Quand De Kooning déclare en 1977 « être fou de Soutine, toutes ses peintures », il loue sa capacité à « capturer la lumière, comme émanant de l’intérieur de la peinture elle-même pour créer une forme de transfiguration ». Dans ses propres compositions des années 70 comme North Atlantic Light, on retrouve la même approche lumineuse, vibrante et luxuriante de la peinture. » La Femme entrant dans l’eau de Soutine, citation de La femme se baignant dans le ruisseau, de Rembrandt est reprise par Willem De Kooning avec Woman Accabonac, huile sur papier montée sur toile et appartenant aux Doors paintings réalisées pour être dans l’aménagement de son nouvel atelier. Il travaille sur le reflet et dit de ces femmes : « Elles flottent comme des reflets dans l’eau. »
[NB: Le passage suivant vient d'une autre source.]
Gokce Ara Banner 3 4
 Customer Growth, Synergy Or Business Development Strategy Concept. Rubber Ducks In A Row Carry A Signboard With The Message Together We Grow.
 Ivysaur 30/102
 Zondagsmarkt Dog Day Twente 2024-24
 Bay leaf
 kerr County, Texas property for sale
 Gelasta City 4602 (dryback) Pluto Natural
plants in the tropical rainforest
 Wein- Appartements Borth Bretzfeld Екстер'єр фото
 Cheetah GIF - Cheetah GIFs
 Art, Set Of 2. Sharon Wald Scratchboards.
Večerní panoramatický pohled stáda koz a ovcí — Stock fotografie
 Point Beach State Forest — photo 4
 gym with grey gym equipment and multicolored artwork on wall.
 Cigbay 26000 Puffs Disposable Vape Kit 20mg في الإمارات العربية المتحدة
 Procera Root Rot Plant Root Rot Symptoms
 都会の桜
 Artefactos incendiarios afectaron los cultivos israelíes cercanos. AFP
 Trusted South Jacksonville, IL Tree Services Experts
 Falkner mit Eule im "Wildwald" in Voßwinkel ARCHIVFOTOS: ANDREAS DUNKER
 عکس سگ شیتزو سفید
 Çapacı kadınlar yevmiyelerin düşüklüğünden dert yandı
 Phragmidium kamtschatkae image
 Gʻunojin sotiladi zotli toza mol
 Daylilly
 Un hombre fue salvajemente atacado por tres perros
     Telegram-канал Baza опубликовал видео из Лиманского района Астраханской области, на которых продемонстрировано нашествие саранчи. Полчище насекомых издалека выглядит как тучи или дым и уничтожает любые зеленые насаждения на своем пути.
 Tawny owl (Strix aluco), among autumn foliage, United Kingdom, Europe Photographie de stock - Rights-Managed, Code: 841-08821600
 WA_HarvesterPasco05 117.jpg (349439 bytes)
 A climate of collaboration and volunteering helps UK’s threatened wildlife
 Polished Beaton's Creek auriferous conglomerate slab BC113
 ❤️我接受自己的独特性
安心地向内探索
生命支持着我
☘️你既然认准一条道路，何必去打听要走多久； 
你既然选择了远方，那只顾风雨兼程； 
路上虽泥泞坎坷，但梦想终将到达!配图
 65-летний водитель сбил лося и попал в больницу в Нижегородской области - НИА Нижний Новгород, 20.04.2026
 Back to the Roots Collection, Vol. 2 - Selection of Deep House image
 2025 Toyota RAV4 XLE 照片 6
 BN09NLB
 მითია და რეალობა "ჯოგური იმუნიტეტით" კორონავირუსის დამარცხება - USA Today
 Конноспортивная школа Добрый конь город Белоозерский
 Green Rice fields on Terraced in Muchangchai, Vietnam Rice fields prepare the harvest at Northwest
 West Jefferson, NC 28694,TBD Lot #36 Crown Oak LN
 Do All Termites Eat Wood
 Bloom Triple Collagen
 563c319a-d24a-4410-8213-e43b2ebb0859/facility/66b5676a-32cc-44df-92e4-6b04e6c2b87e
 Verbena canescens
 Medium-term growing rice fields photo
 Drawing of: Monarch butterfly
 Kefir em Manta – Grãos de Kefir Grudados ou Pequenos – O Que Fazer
L’exposition du Musée de l’Orangerie, La peinture incarnée, met en miroir avec intelligence et sensibilité l’œuvre des deux peintres. « Le plus j’essaie d’être comme Soutine, le plus original je deviens » disait De Kooning. Le critique d’art britannique, David Sylvester, avait déjà établi un parallèle entre les deux œuvres, que de Kooning lui-même confirmera « entre les coups de pinceaux gestuels et la distorsion expressive des œuvres de Soutine et Les Woman férocement souriantes. »

Dans cette exposition d’une certaine intimité, une salle est réservée à La rétrospective Soutine au MoMa de 1950. On y trouve un bel Autoportrait, huile sur toile de 1918 où le peintre est debout devant l’une de ses toiles au dos de laquelle se trouve comme un double en taille réduite, référence probable à Rembrandt qu’il admirait, on y trouve aussi Vue de Céret, petit village des Pyrénées où avait séjourné Soutine. De Kooning confiera plus tard à David Sylvester que « ces paysages ont eu une influence directe sur son travail ».

Chaïm Soutine, “Femme entrant dans l’eau” © Adagp, Paris, 2021

Willem de Kooning,
“Women in a Garden” © Adagp, Paris, 2021

Ce geste commun entre deux artistes qui ne sont jamais rencontrés, geste posé par les commissaires de l’exposition, permet à deux personnalités singulières, Chaïm Soutine et Willem de Kooning, de dialoguer. Même si leurs univers de travail sont inscrits dans des lieux et des époques différentes, leurs préoccupations sont identiques : ils cherchent à dégager la peinture de l’antagonisme art figuratif/art abstrait. Rapprocher les deux artistes n’allait pas de soi rappellent les deux commissaires qui jouent de cette dissymétrie : « Historiquement, c’est De Kooning qui regarde l’œuvre de Soutine et, dans la sienne, lui donne une postérité. »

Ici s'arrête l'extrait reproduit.